Experts say yes. In one scenario, Intel may have charged manufacturers less money for its Atom chipset with integrated graphics versus just the Atom processor alone. Integrated graphics is widely considered inferior to having a system with a dedicated video card or processors. As a result of muscling netbook makers to use Intel's integrated Atom chipset, instead of a stand-alone graphics processor, it locked out non-Intel chipmakers from netbooks.
One of those possibly hurt is nVidia with its Ion graphics mobile chip. We won't know for sure until details emerge, but nVidia may possibly have been locked out of netbooks whose manufacturers stuck millions of mininotebooks with the Atom's integrated graphics, which can't deliver high-quality video and is not adequate for graphics-heavy games.
Do consumers stand to gain better products as a result of the lawsuit?
In-Stat's McGregor says that the damage is done and that there is little hope for any drastic influx of "better" PC components as a result of this lawsuit. Taking the example of PC graphics, McGregor says that cheaper integrated graphics chipsets have quickly been putting dedicated chips out of favor. He adds that if an opportunity existed to stop Intel's alleged anticompetitive practices, that moment has already passed.
nVidia isn't so pessimistic. It applauds the FTC's lawsuit, saying that it's necessary to prevent Intel from blocking competition in the emerging GPU marketplace.
How will this case impact AMD?
The jury is split.
McGregor said it's too late for the feds to give AMD a boost, as the company recently settled antitrust and intellectual property lawsuits with Intel. Gartner analyst Fiering also noted that Intel's success comes partly from being a manufacturing powerhouse. AMD is divesting from chip manufacturing, and the settlement allows AMD to use any contract chip maker. In theory, this lets the company focus on innovation and product development, but that has nothing to do with the FTC's lawsuit.
PCWorld's resident chip expert, Jason Cross, says never say never when it comes to AMD. The company has very good engineers, a leadership position in graphics technology, and a huge cash infusion from the recent Intel/AMD suit settlement. Plus, AMD is quickly divesting their chip manufacturing off to GlobalFoundries, which should help prevent AMD from bleeding red ink.
How long will this case take to play out?
It could take as much as a decade for the case to be resolved. "Get comfortable," Gabriel Consulting analyst Olds advises, noting that a lawsuit by the European Union against Microsoft lasted ten years. Even a settlement, which could secure some concessions from Intel on the matter of volume discounts and incentives, would require a few years to work out. Microsoft's antitrust battle with the feds took three years to reach a settlement.
Olds adds that even though the court case could take years to settle, its impact will be felt immediately by Intel. He says that during any trial, Intel will be under close scrutiny, discouraging the chipmaker from aggressive, and allegedly illegal, business practices.
In the end, what do consumers stand to gain?

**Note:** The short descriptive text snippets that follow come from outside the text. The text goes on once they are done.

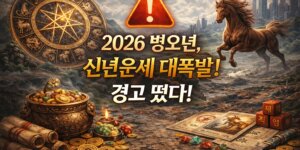 신년운세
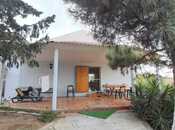 4 otaqlı həyət evi/bağ evi - Şüvəlan q. - 100 m²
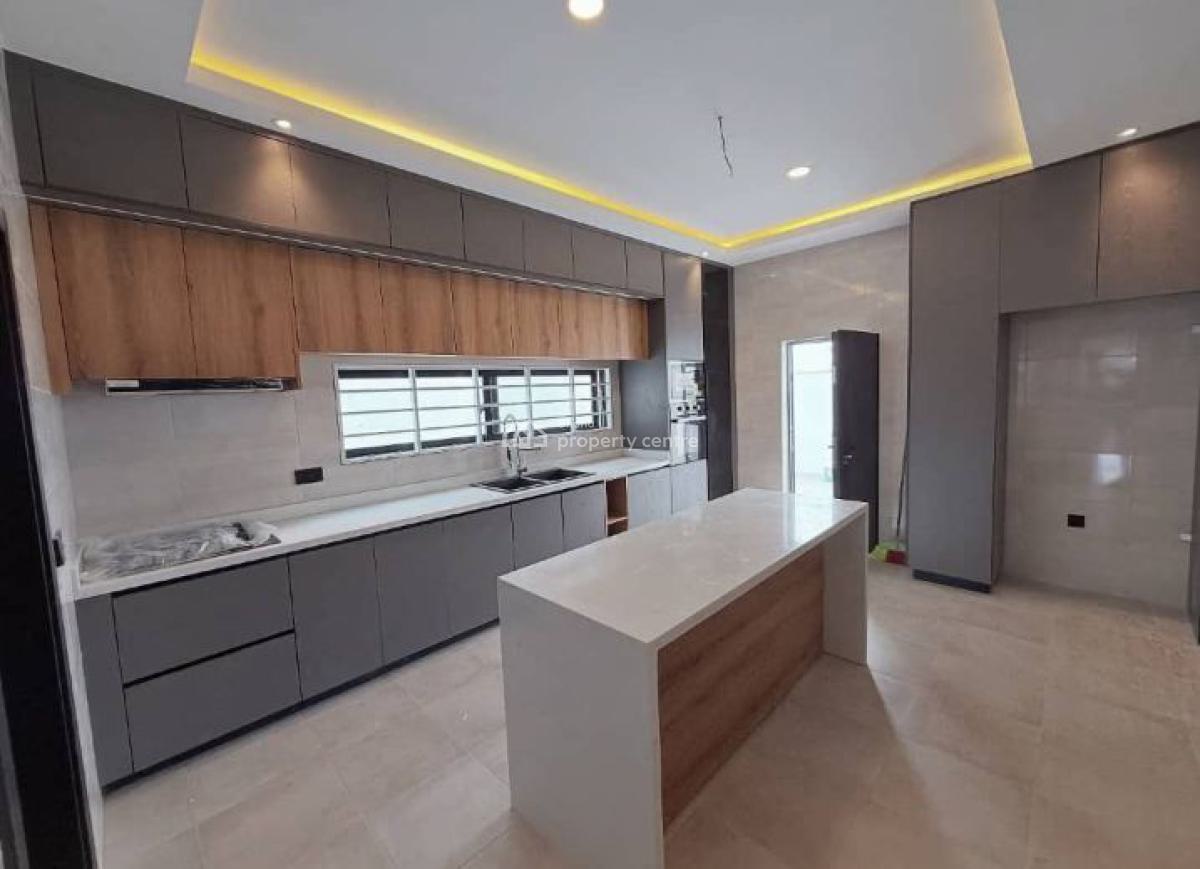 Newly Built 3 Bedroom House with Boys Quarters. Negotiable., Spintex, Baatsonaa, Spintex, Accra, Detached Bungalow for Sale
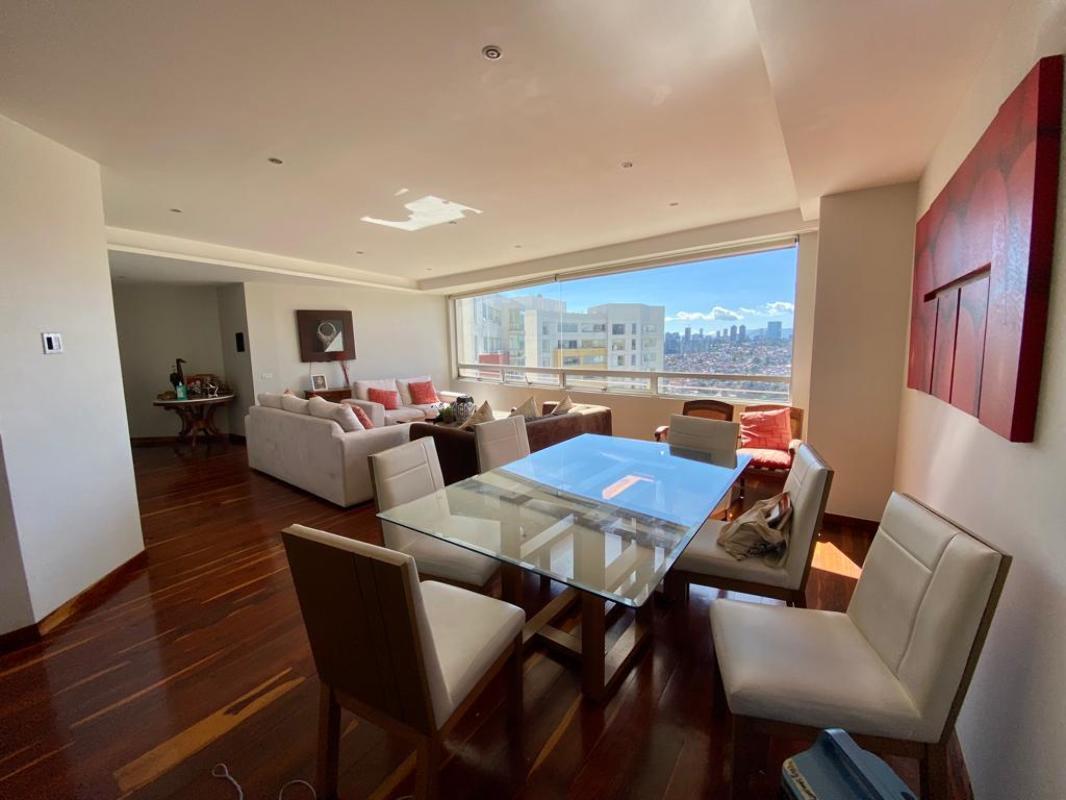 Residencial Aquario, Huixquilucan, Estado de México, 52764, Mexico, 3 Bedrooms Bedrooms, ,3 BathroomsBathrooms,Residential,For Sale,Residencial Aquario,1444074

Olds and McGregor both think the suit has very little in it for consumers. Even if Intel had to make concessions on volume discounts to computer makers, chip prices, McGregor says, would still fall due to consumer expectations and competition from AMD.
Will we see more AMD systems?
McGregor says that's already happened over the last couple of years, partly because of increased scrutiny of Intel from other nations and partly because AMD has offered good prices on CPU and GPU combinations. And it's unlikely that consumers will be compensated directly as a result of the FTC's lawsuit, since fines would probably be placed in a general government fund.
The real winners, Olds says, are the lawyers, who could work on these cases for the rest of their legal careers.